Asked if he was able to watch movies, Pelias said he wasn’t fond of movies. “If there’s a new movie and I want to watch it, I won’t have the money for it. But it’s OK. I’m not fond of going to the cinema anyway.”
He is also fond of animé, preferring romantic comedies as he named several titles.
Pelias—“John” to his many circles of friends—has a reputation as the “go-to” guy among fellow math majors, the one being asked for help on exams and homework because of his prowess in math.
His favorite field in math is algebra and his thesis: “Linked Circles and Qubits: The Hopf Fibration in Topology, Geometry and Quantum Mechanics” was described by Roque as very advanced for his level that aims to merge math and physics.
Pelias said he spent his summer vacation studying the subjects for the next semester instead of having fun.
“I’d study the math subjects for the coming year! So I guess it’s better that I don’t have much money so I can study ahead,” he said.
The honor graduate thanked the people who sent him to school. “Whatever achievements I had are based on hard work and my passion for math. In math, there is always one answer. False cannot be true and true cannot be false,” he said.
He never thought of poverty as a hindrance to his dreams and even saw it as a challenge to do his best.
“The lack of money should never be a hindrance, especially to your academic dreams. Money should not be a hindrance to the inborn intellect of a person. It shouldn’t determine if a person will be given a chance to study in UP,” Pelias said.
His immediate plans after graduation still involve his alma mater. Pelias is applying to teach at the UP Institute of Mathematics this coming semester while he pursues higher studies.

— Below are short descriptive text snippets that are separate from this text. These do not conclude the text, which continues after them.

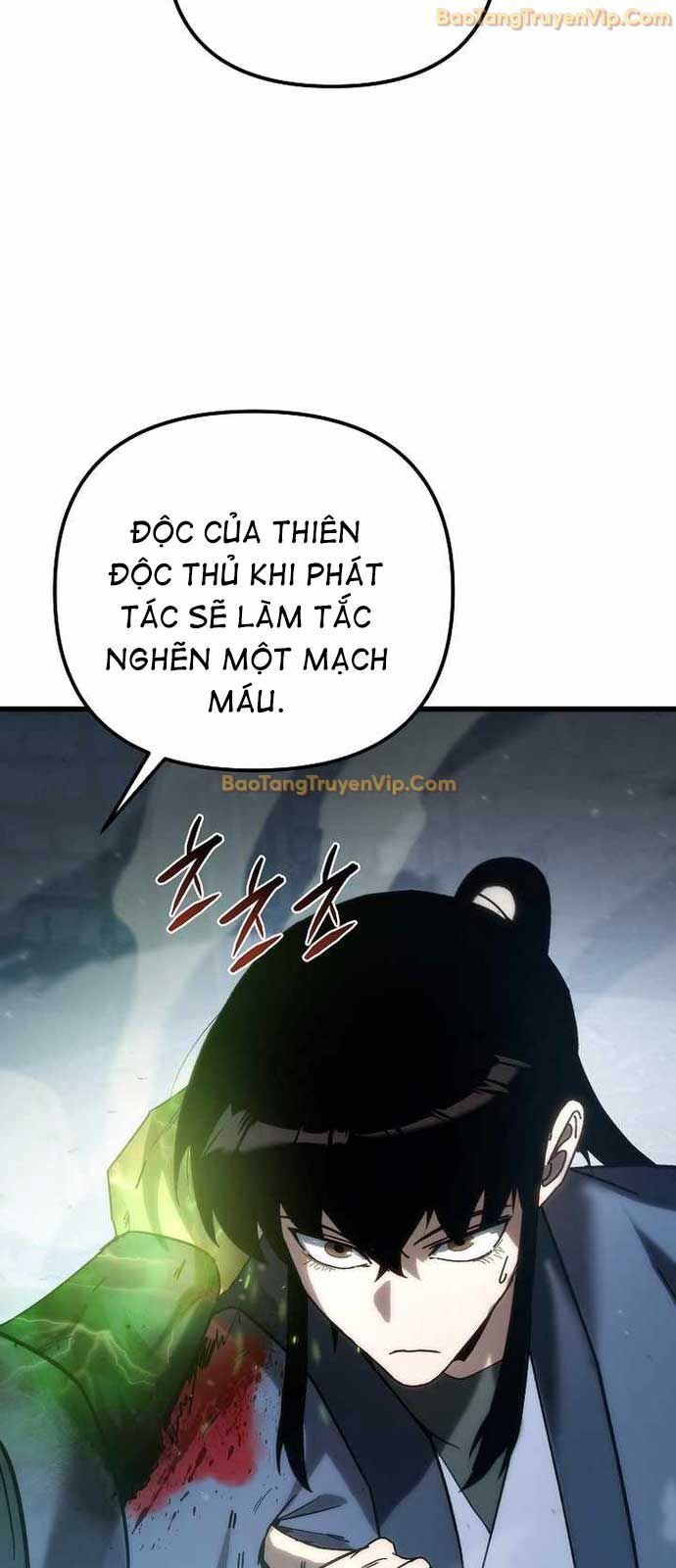 Chuyển Thế Ma Thần Ký Chapter 34 - Trang 68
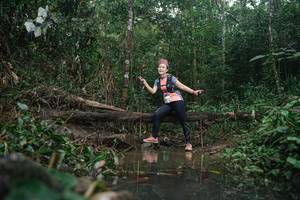 BIB: 
                            <button type="button" onclick="openModal(22464309)" class="btn btn-primary btn-sm float-right btn-popup" data-toggle="modal" data-target=".modal-high-quality">
                        <i class="fas fa-shopping-cart"></i> Add to Cart
                    </button>
                                            <button type="button" onclick="isThisMe(22464309, true)" class="btn btn-success btn-sm float-right btn-popup btn-isme hidden" data-toggle="tooltip" data-placement="bottom" title="นี่คือรูปของคุณใช่ไหม คลิกที่นี่เพื่อเอาเข้าอัลบั้ม">
                        <i class="fas fa-plus"></i> Add to album
                    </button>
                    <button type="button" onclick="isThisMe(22464309, false)" class="btn btn-warning btn-sm float-right btn-popup btn-isnotme hidden">
                        <i class="fas fa-ban"></i> Remove from album
                    </button>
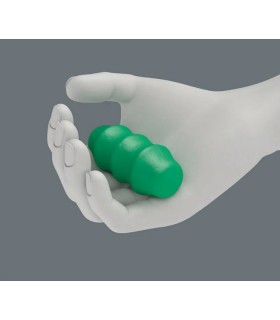 DESTORCINCEL WERA 4,5x90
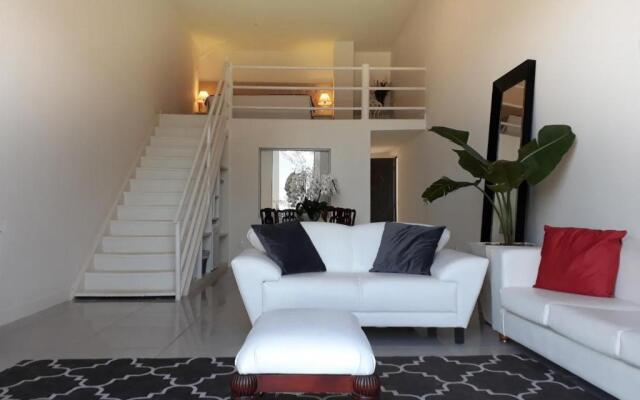 Greco Hotel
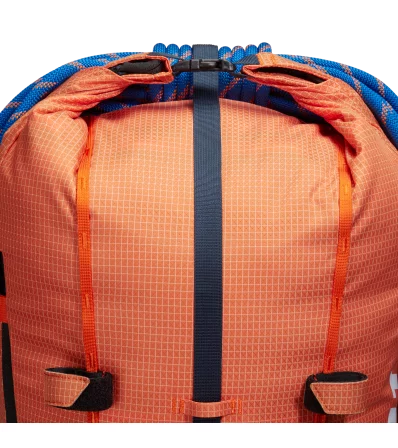 Раница Mammut Trion 38L Winter 2025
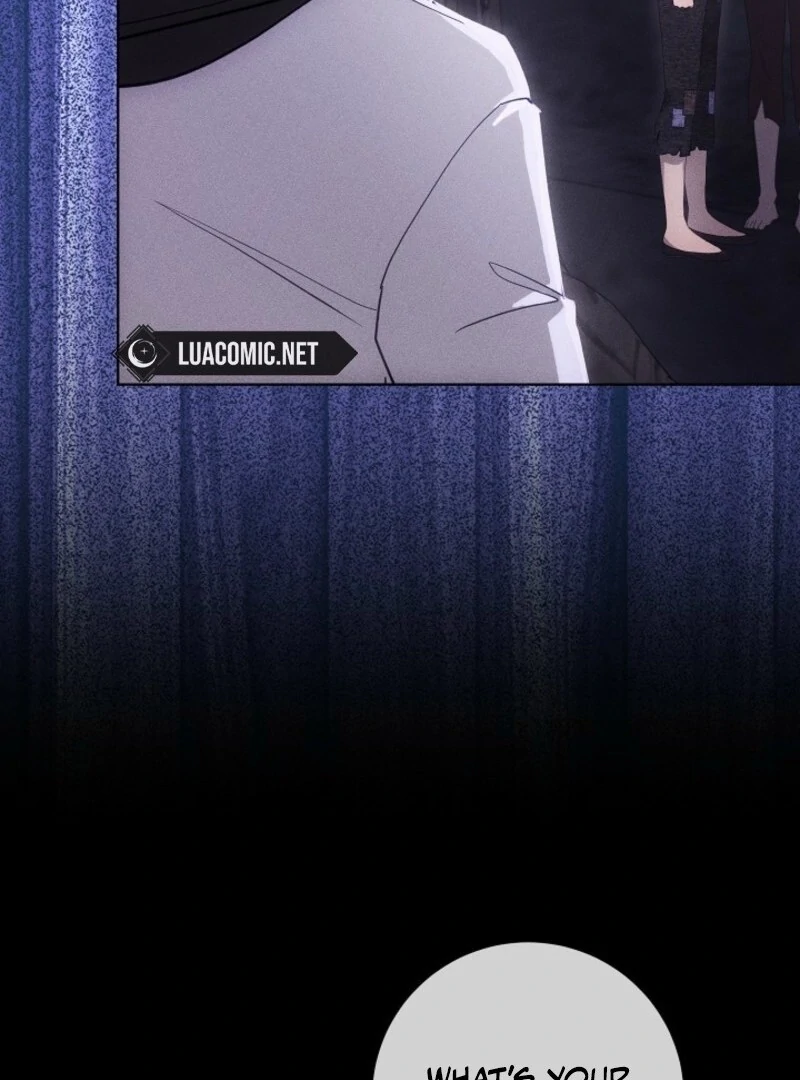 24 Hours Resurrection of the Villainess Chapter 63 - Page 159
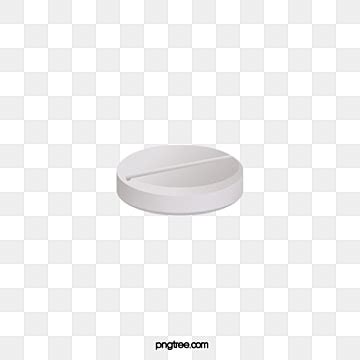 White Pills Png Vector Psd And Clipart With Transparent Background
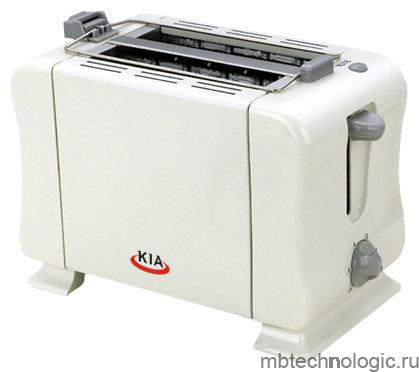 Kia Kia-6517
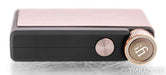 iFi Audio GO Blu Portable DAC / Headphone Amplifier; Bluetooth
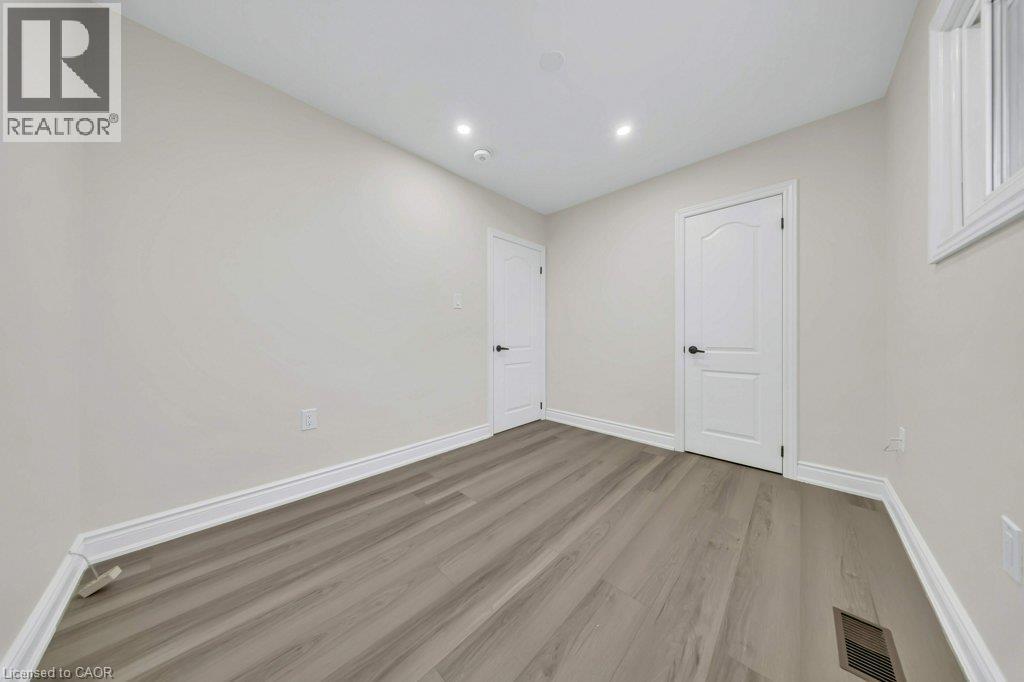 441 West 5Th Street, Hamilton, ON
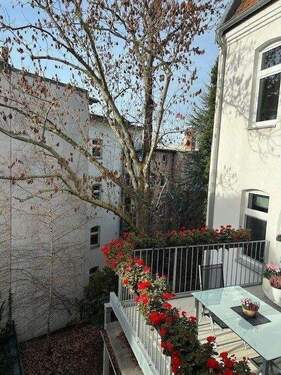 P51.jpg - 4 Zimmer Etagenwohnung zum Kaufen in Halle (Saale)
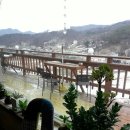 별카페 - 고창군 성산3길 15 | 별카페
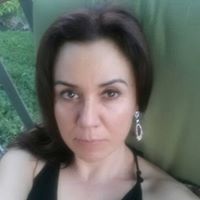 Rosa Correa Photo 11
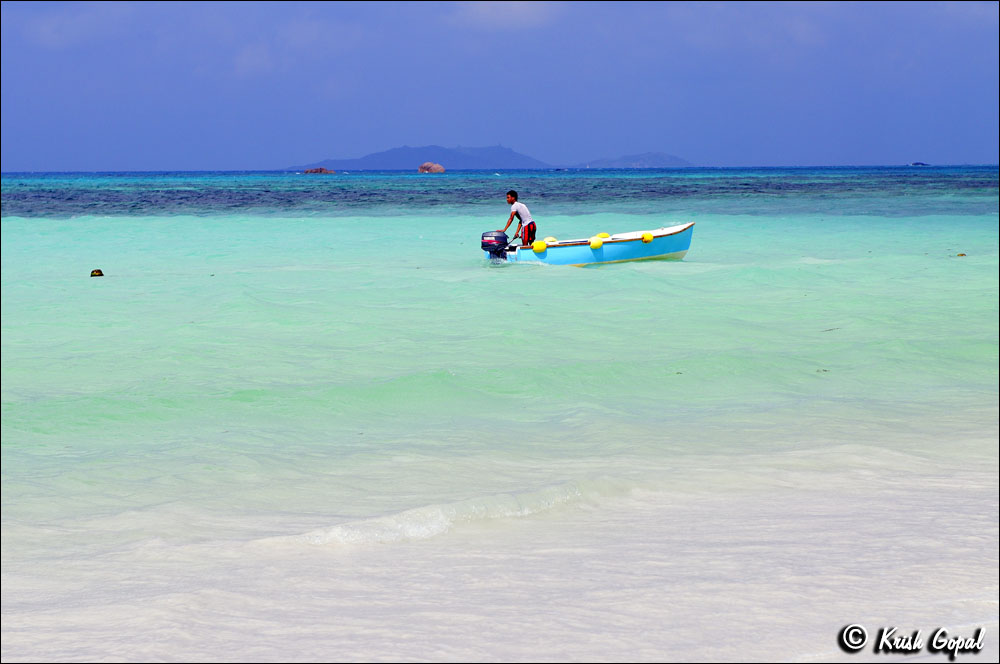 Praslin-2017-03-03-066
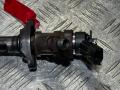 форсунка Citroen C4 1 поколение 2008, 1.6 л., HDi, дизель, 5МКПП, внедорожник 5 дв., 0445110311 - фото №3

Roque said the graduating student’s mentors planned to look for a scholarship for their ward for higher studies abroad once he finished a master’s degree.
“We do that for our faculty, and Pelias wants to stay in the academe,” she said.
Pelias said his continued involvement with UP was his way of “giving back” to his school which had allowed him to achieve his dreams despite several drawbacks.
“I want to teach and continue what I do. Hopefully, I’ll be a longtime professor at UP. This is where I find fulfillment, and it’s my way of giving back,” he said.